This is a highly valuable info, first time that I see in a scientific literature that the DES has 10 times higher affinity then the endogenous IGF1.
IGF1 has some very unique anti catabolic traits, that for instance GH by itself doesn't have, so the potential of the DEs-IGF1 is very dramatic for such purposes
Here are some examples for this -
http://www.ncbi.nlm.nih.gov/pubmed/9129466
------------conclusions -
GH and IGF-I combined further enhanced fat oxidation while reducing protein catabolism. Serum insulin concentrations were significantly increased by GH but decreased by IGF-I. GH significantly decreased serum total triiodothyronine concentrations and IGF-I significantly decreased serum corticosterone concentrations.
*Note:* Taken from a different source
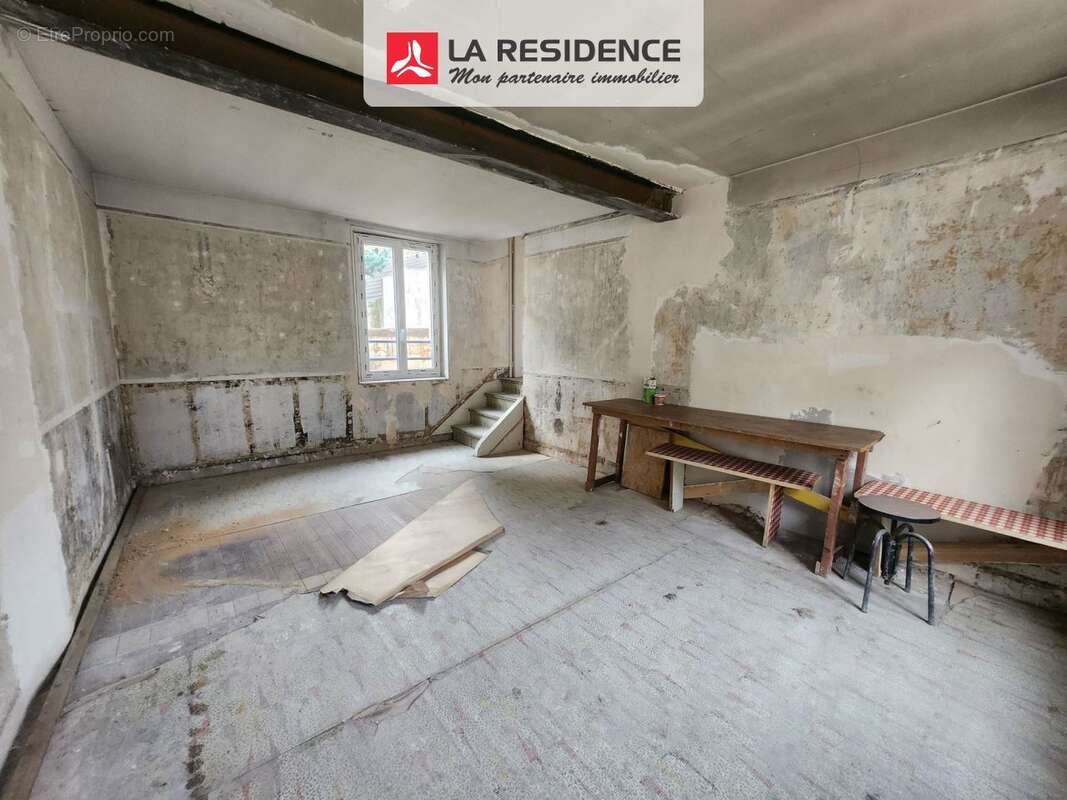 Maison à MONTIGNY-LES-CORMEILLES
http://www.ncbi.nlm.nih.gov/pubmed/10571453
-----------results and conclusions
RESULTS:
Administration of IGF-I, but not GH, attenuates dexamethasone-induced protein catabolism and increases insulin sensitivity. Simultaneous treatment with GH and IGF-I additively increases the serum concentration of IGF-I, whole-body anabolism, and lipid oxidation. GH or IGF-I when given alone produces similar increases in the serum concentration of IGF-I. However, GH selectively increases skeletal muscle mass whereas IGF-I selectively attenuates the intestinal atrophy and abnormal intestinal ion transport induced by TPN. These tissue-selective anabolic effects of GH and IGF-I are associated with differential increases in protein synthesis in skeletal muscle and jejunum, respectively.
CONCLUSIONS:
Simultaneous treatment with GH and IGF-I may offer the greatest clinical efficacy because of improved nitrogen retention in association with enhanced lipid oxidation and stimulation of protein synthesis in multiple tissue types.